__Recorded information__:
------------
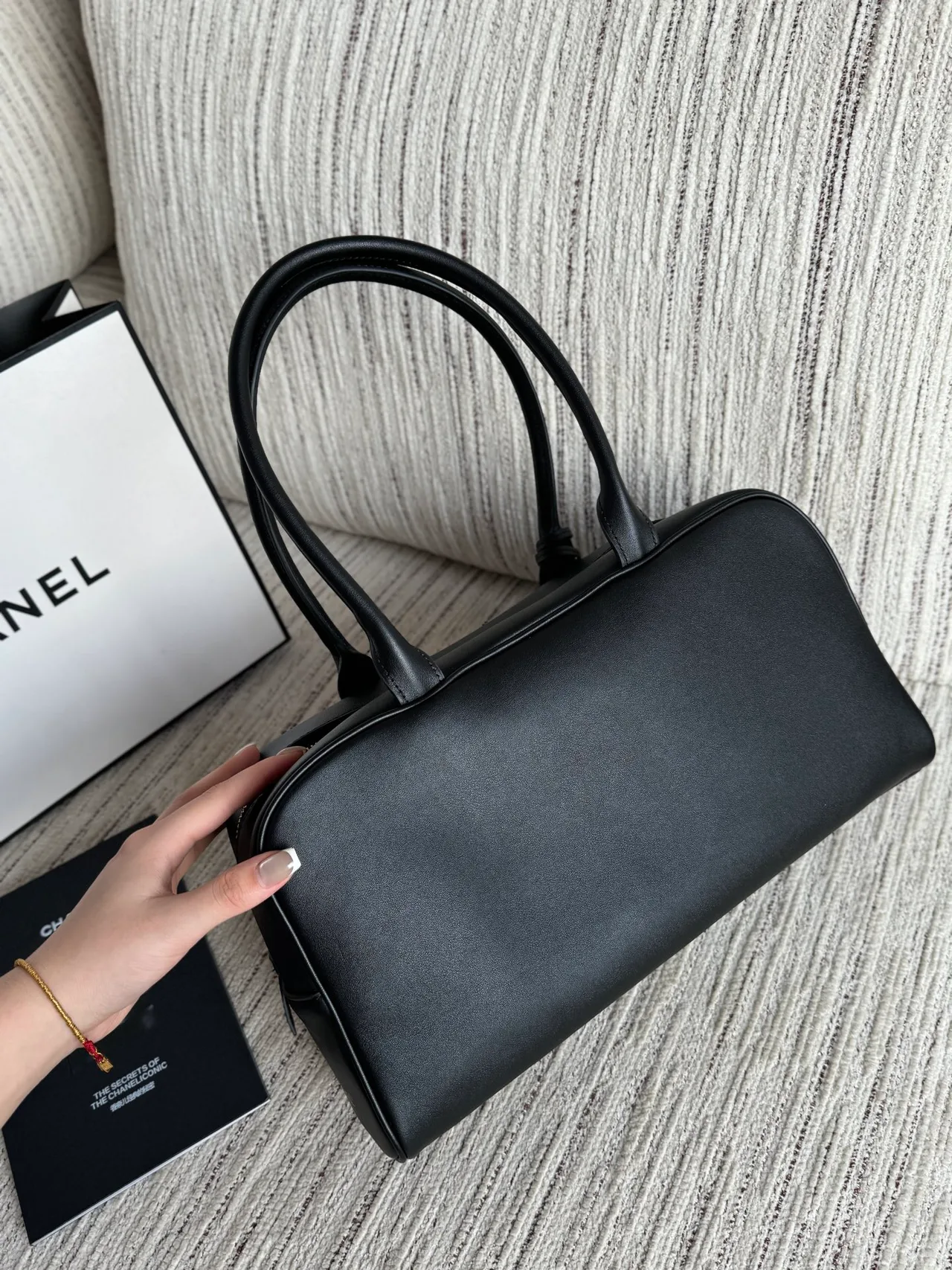 Chanel Glossy Top-Handle Bag in Black · view 3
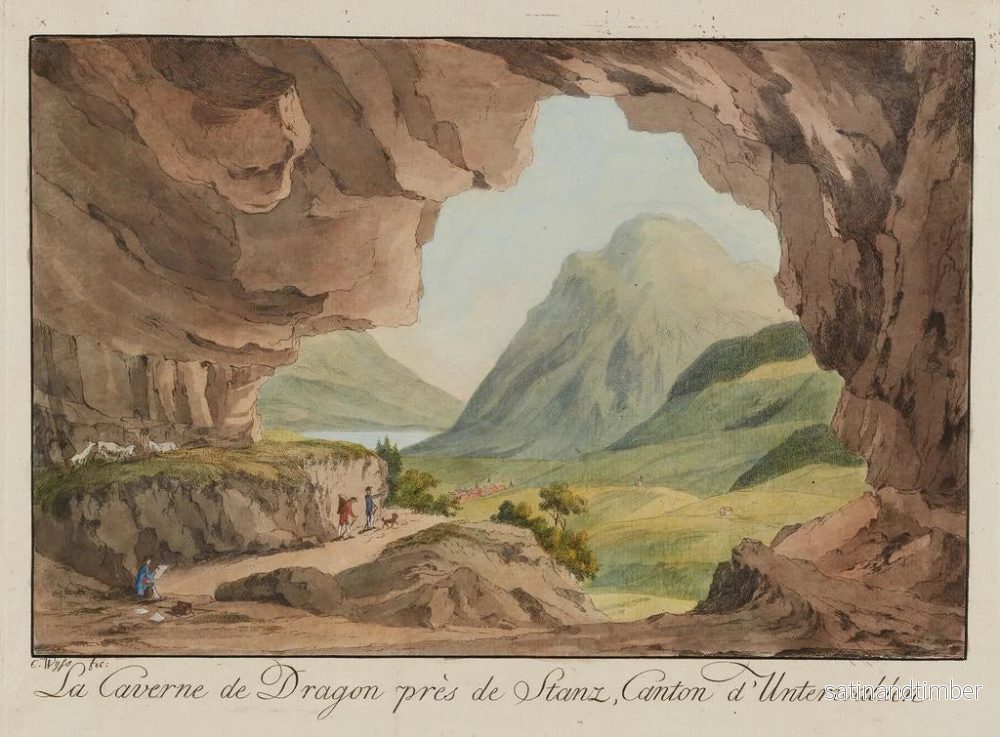 Reproduktion av målningen La caverne du dragon près de Stanz, canton d'Unterwald - Caspar Leontius Wyss - Bild 2
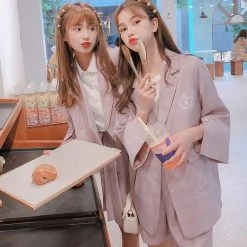 Juwas NEW ARRIVAL Kawaii College Pink Plaid Coat Blazer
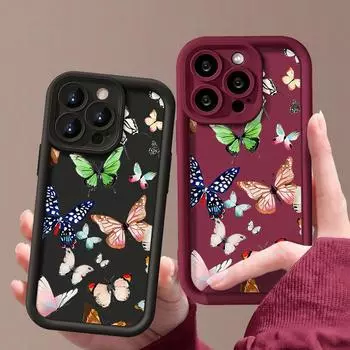 Цветной чехол для телефона с принтом бабочки для iPhone 15 14 13 Pro Max 12 Pro 11 XR XS 8 7, цветной матовый мягкий противоударный чехол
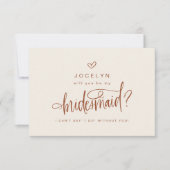 Terracotta Custom wordt u mijn bruidsmeisje Kaart (Voorkant)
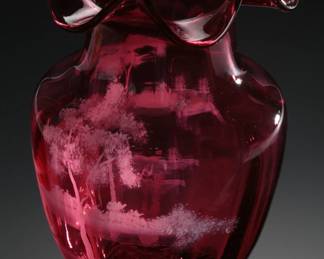 Fenton Cranberry Glass Vase Mary Gregory Tea Party Hand Painted  S. Smith Limited Edition Ruffle Rim 
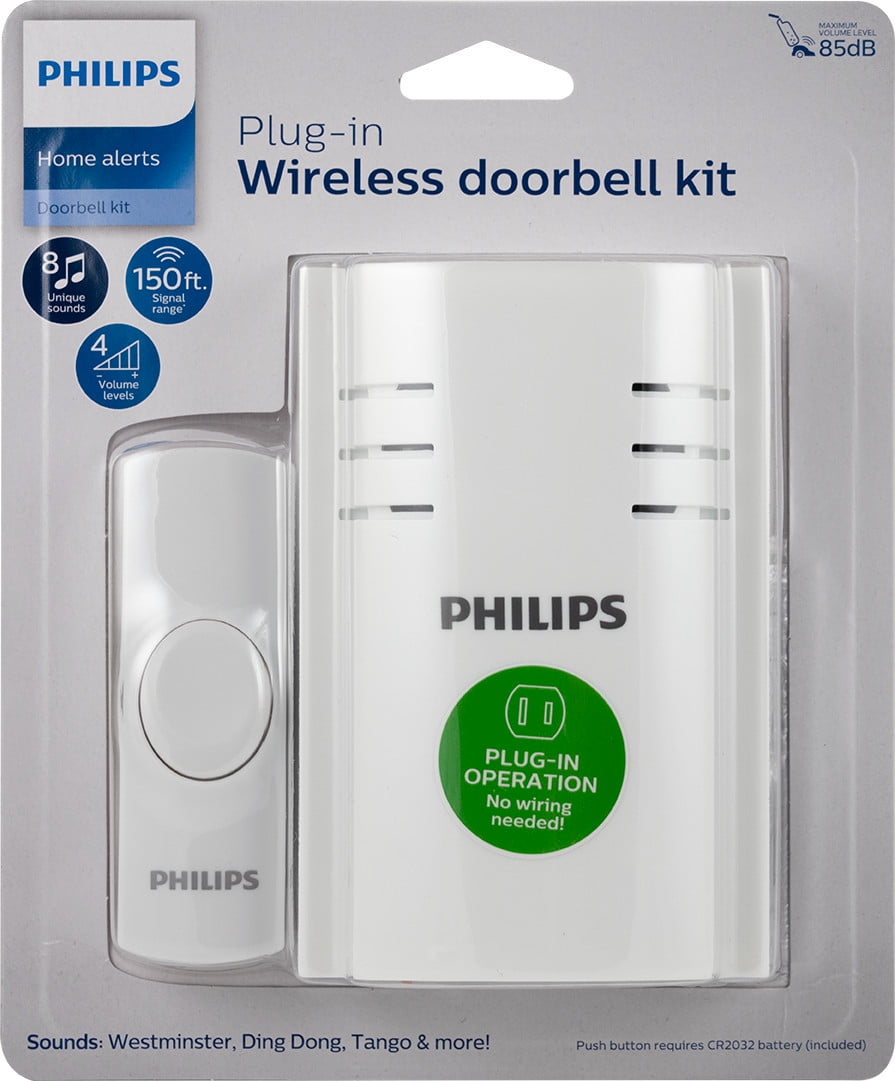 Philips Plug-in 8-Melody Doorbell Kit, White, 8in, DES2180W/27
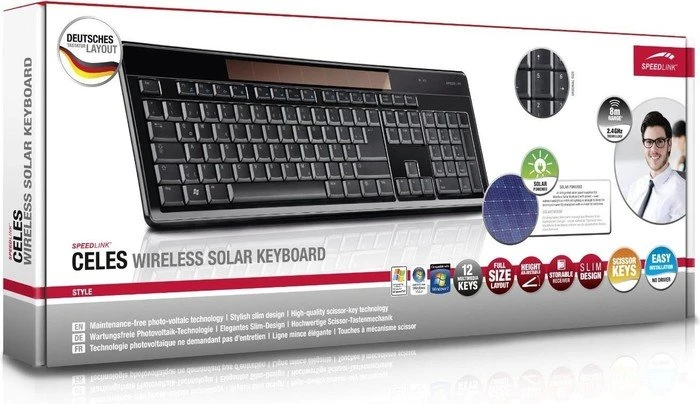 Speedlink Celes Wireless Solar Keyboard, USB, DE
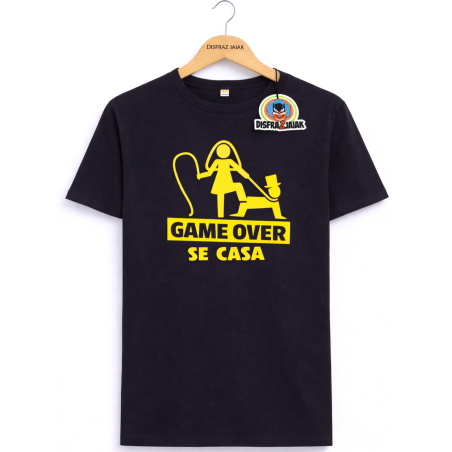 Camiseta Game Over Se Casa Negra - Camisetas Despedidas Soltero - Camisetas y Delantales para Despedidas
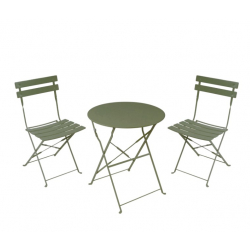 Τραπεζαρία Bistro pakoworld σετ 3τεμ μεταλλική αναδιπλούμενη σε λαδί απόχρωση Φ60x71εκ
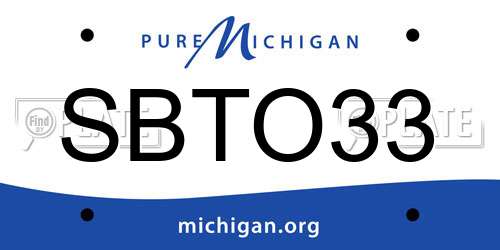 SBTO33 Michigan License Plate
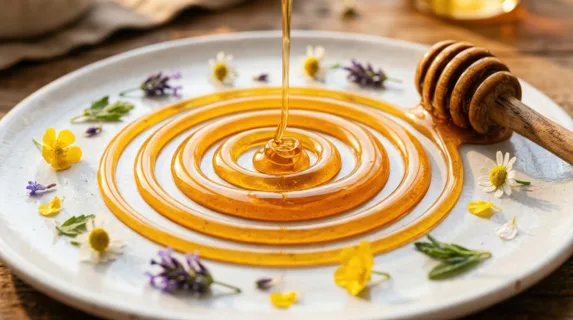 Swirling golden honey drizzled onto a white ceramic plate in a tight counterclockwise spiral, thick viscous streams catching warm studio light with glossy highlights,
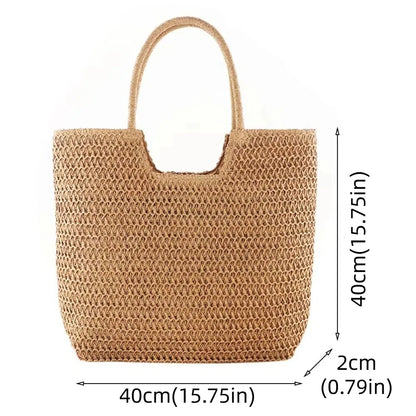 Elegant Woven Straw Hobo Bag - Spacious & Chic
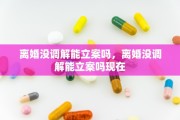 离婚没调解能立案吗，离婚没调解能立案吗现在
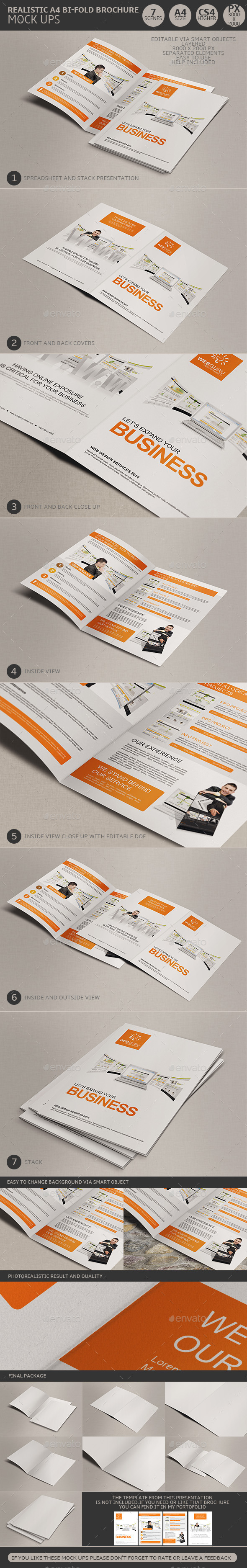 Realistic A4 Bi Fold Brochure Mock Ups Realistic A4 Bi Fold Brochure Mock Ups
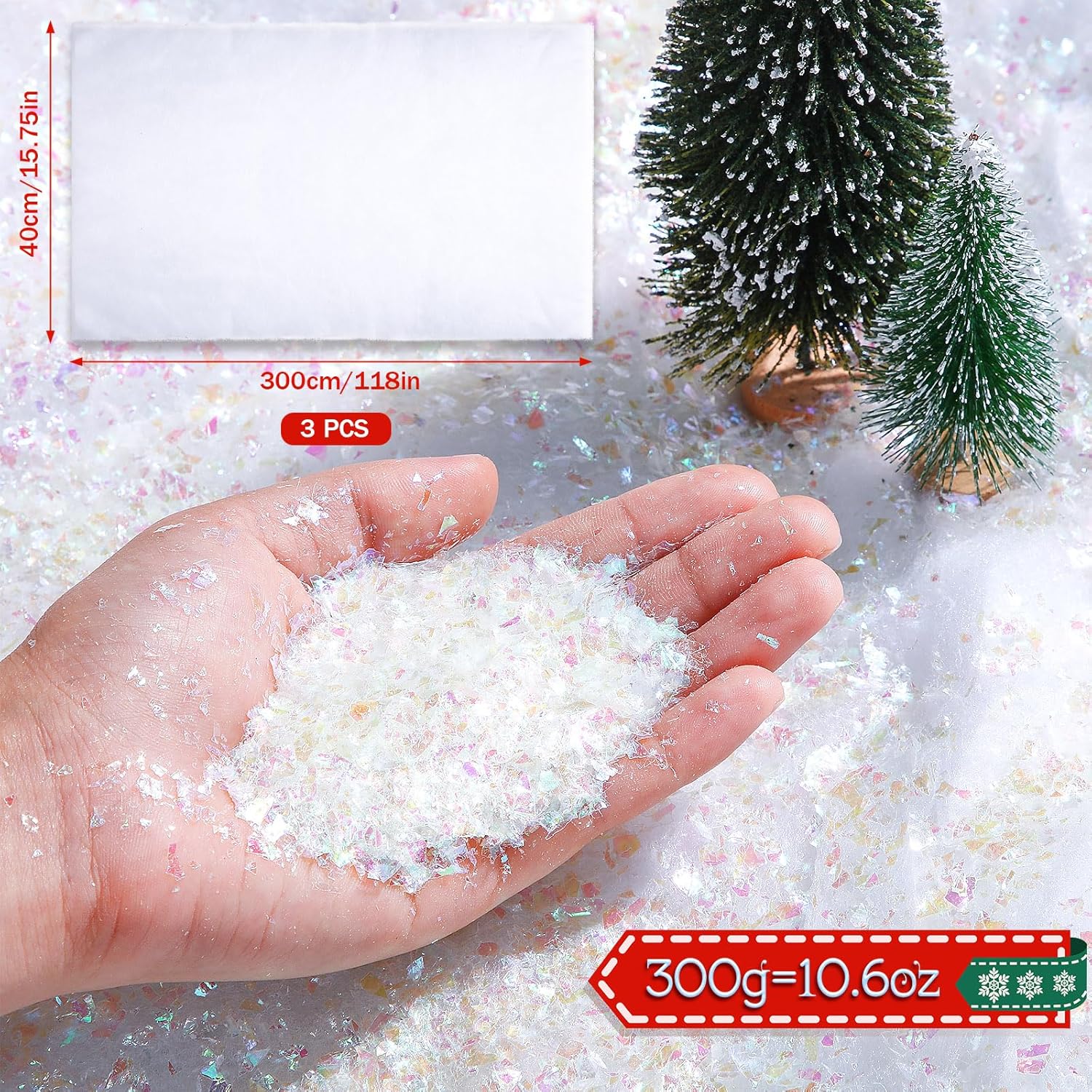 Aoriher Juego de rollos de nieve falsa de Navidad de 10.6 onzas y 3 piezas de manta de nieve artificial para Navidad, cubierta de nieve falsa gruesa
------------
Each entry needs to be returned verbatim, with its pictures left out.

__Exercise solution__:
 Chanel Glossy Top-Handle Bag in Black · view 3
 Reproduktion av målningen La caverne du dragon près de Stanz, canton d'Unterwald - Caspar Leontius Wyss - Bild 2
 Juwas NEW ARRIVAL Kawaii College Pink Plaid Coat Blazer
 Цветной чехол для телефона с принтом бабочки для iPhone 15 14 13 Pro Max 12 Pro 11 XR XS 8 7, цветной матовый мягкий противоударный чехол
 Terracotta Custom wordt u mijn bruidsmeisje Kaart (Voorkant)
 Fenton Cranberry Glass Vase Mary Gregory Tea Party Hand Painted  S. Smith Limited Edition Ruffle Rim 
 Philips Plug-in 8-Melody Doorbell Kit, White, 8in, DES2180W/27
 Speedlink Celes Wireless Solar Keyboard, USB, DE
 Camiseta Game Over Se Casa Negra - Camisetas Despedidas Soltero - Camisetas y Delantales para Despedidas
 Τραπεζαρία Bistro pakoworld σετ 3τεμ μεταλλική αναδιπλούμενη σε λαδί απόχρωση Φ60x71εκ
 SBTO33 Michigan License Plate
 Swirling golden honey drizzled onto a white ceramic plate in a tight counterclockwise spiral, thick viscous streams catching warm studio light with glossy highlights,
 Elegant Woven Straw Hobo Bag - Spacious & Chic
 离婚没调解能立案吗，离婚没调解能立案吗现在
 Realistic A4 Bi Fold Brochure Mock Ups Realistic A4 Bi Fold Brochure Mock Ups
 Aoriher Juego de rollos de nieve falsa de Navidad de 10.6 onzas y 3 piezas de manta de nieve artificial para Navidad, cubierta de nieve falsa gruesa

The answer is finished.